Bring on Saffrons, says recovering Ó hAilpín

SEAN Óg Ó hAILPÍN has stressed he meant no disrespect this week when he expressed his surprise that Antrim — Cork’s next opponents — were still alive and kicking in the hurling championship.

That said, he won’t be too bothered if Dinny Cahill decides to stick his words up on the Ulster side’s dressing-room wall ahead of the counties’ All-Ireland quarter-final clash at Croke Park this Sunday.

“Let him,” said the Na Piarsaigh man, who gives himself a 50-50 shot of being fit for the encounter. “I actually didn’t realise Antrim were still in it and that was probably Seán Óg in a bubble of himself, just worried about Cork games.

“If you spoke to me about earlier round games I couldn’t tell you who played who. I don’t give a damn. I am just worried about Cork and how Cork progress in the championship.”

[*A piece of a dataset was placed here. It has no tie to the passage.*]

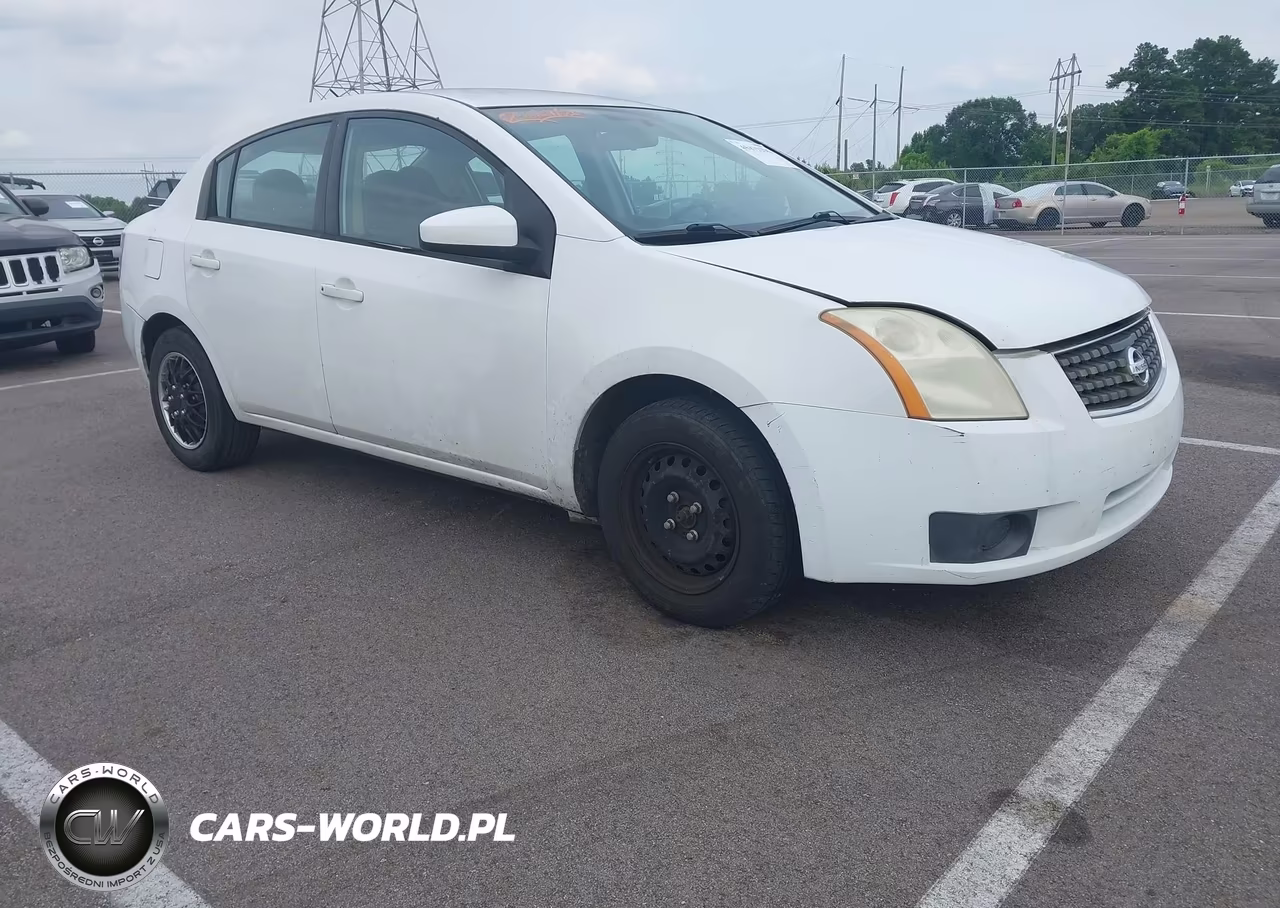 2007 Nissan Sentra 2.0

Ó hAilpín’s connections with the Glens are stronger than most “down south”. He visits Cushendall every year, for one, but relations between the counties haven’t always been cordial.

Their last championship meeting came at this very same stage six years ago and will forever be remembered for Cahill’s choice words about a handful of Cork’s players in the build-up.

Niall McCarthy was described as a “dreadful hurler” while Brian Corcoran was said to be “finished” and Cahill topped it all off by boldly predicting an Antrim win. The final score? Cork 2-26, Antrim 0-10.

“I haven’t spoken to him about the comments back in 2004, but if he was genuinely honest I would have said — ‘look Dinny, if that’s what you thought, fair enough’. But he was still wrong on Corcoran.”

Cahill has been far more diplomatic in his appraisal of the Munster side this time and the Tipperary man is certainly well informed, given the presence of Jerry Wallis and Bob Thornhill in his backroom.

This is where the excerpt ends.